Hi,
I'm likely to be working with some Clariom D assays and I'm starting to do some initial explorations.
There are some example CEL files provide on the Thermo Fisher website and I'm using those as my test set.
I'm interested in being able to select specific sets of probes from the total set of probes on the assay. Having run the following code below for a single CEL file, I'm confused as to how I can use the fid of a probe to be able to select it from the associated expression set.
I can extract the probe fids using getProbeInfo but I'm stuck after that. I notice that featureData is set to "none" for the CEL data read in.
Is a probe's fid its index in the expression set matrix?
Thanks
Alistair
> library(oligo)
> library(affycoretools)
> d_file <- "Clariom/Clariom_D/sample_data/WTPlus_Liver_Rep1_ClariomD.CEL"
> d_data <- read.celfiles(d_file)
Platform design info loaded.
Reading in : /Clariom/Clariom_D/sample_data/WTPlus_Liver_Rep1_ClariomD.CEL
> d_data
HTAFeatureSet (storageMode: lockedEnvironment)

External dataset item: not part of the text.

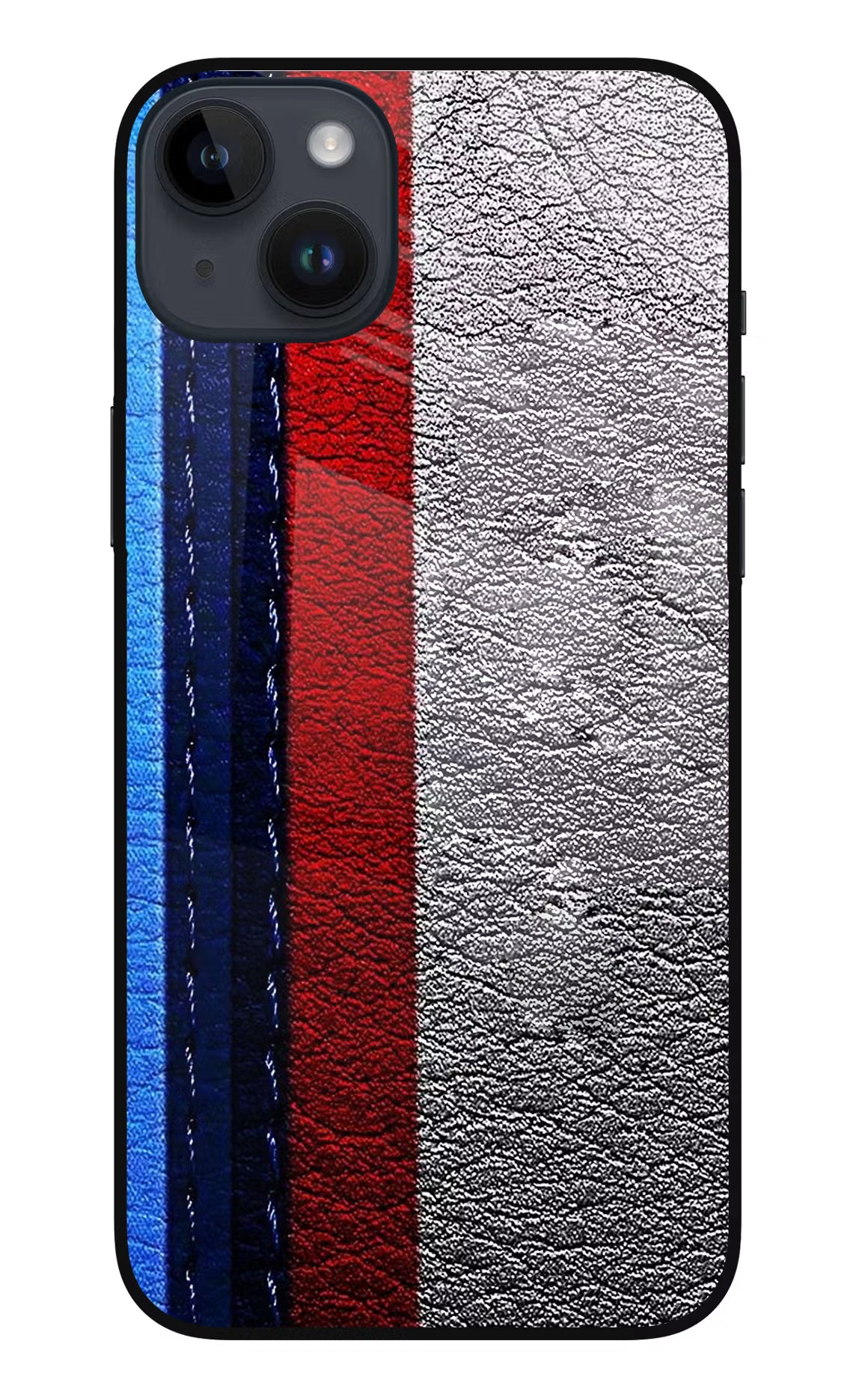 BMW Stripes iPhone 14 Plus Glass Case Back Cover by Casekaro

assayData: 6892960 features, 1 samples
element names: exprs
protocolData
rowNames: WTPlus_Liver_Rep1_ClariomD.CEL
varLabels: exprs dates
varMetadata: labelDescription channel
phenoData
rowNames: WTPlus_Liver_Rep1_ClariomD.CEL
varLabels: index
varMetadata: labelDescription channel
featureData: none
experimentData: use 'experimentData(object)'
Annotation: pd.clariom.d.human
> d_probes <- getProbeInfo(d_data, field = c('fid', 'fsetid', 'type', 'x', 'y'))
> head(d_probes)
fid man_fsetid fsetid x y type
1 6 PSR1700199794.hg.1 24403702 5 0 main->psr
2 8 24657315 24657315 7 0 <NA>
3 8 PSR1300152110.hg.1 24258776 7 0 main->psr
4 9 PSR0200224250.hg.1 23827198 8 0 main->psr
5 11 24587906 24587906 10 0 <NA>
6 11 PSR0300183028.hg.1 23858357 10 0 main->psr
> sessionInfo() R version 3.4.3 (2017-11-30) Platform: x86_64-conda_cos6-linux-gnu (64-bit) locale: [1] LC_CTYPE=en_GB.UTF-8 LC_NUMERIC=C [3] LC_TIME=en_GB.UTF-8 LC_COLLATE=C [5] LC_MONETARY=en_GB.UTF-8 LC_MESSAGES=C [7] LC_PAPER=en_GB.UTF-8 LC_NAME=C [9] LC_ADDRESS=C LC_TELEPHONE=C [11] LC_MEASUREMENT=en_GB.UTF-8 LC_IDENTIFICATION=C attached base packages: [1] stats4 parallel stats graphics grDevices utils datasets [8] methods base other attached packages: [1] pd.clariom.d.human_3.14.1 DBI_1.0.0 [3] RSQLite_2.1.1 affycoretools_1.50.6 [5] oligo_1.42.0 Biostrings_2.46.0 [7] XVector_0.18.0 IRanges_2.12.0 [9] S4Vectors_0.16.0 Biobase_2.38.0 [11] oligoClasses_1.40.0 BiocGenerics_0.24.0
Thanks James.
So something like the following, for the small example above, would give me what I expect:
wish_list_probe_fids <- c(6, 8, 9, 11) eset_filtered <- exprs(d_data)[wish_list_probe_fids]
If what you expect is to get rows 6,8,9 and 11, then yes.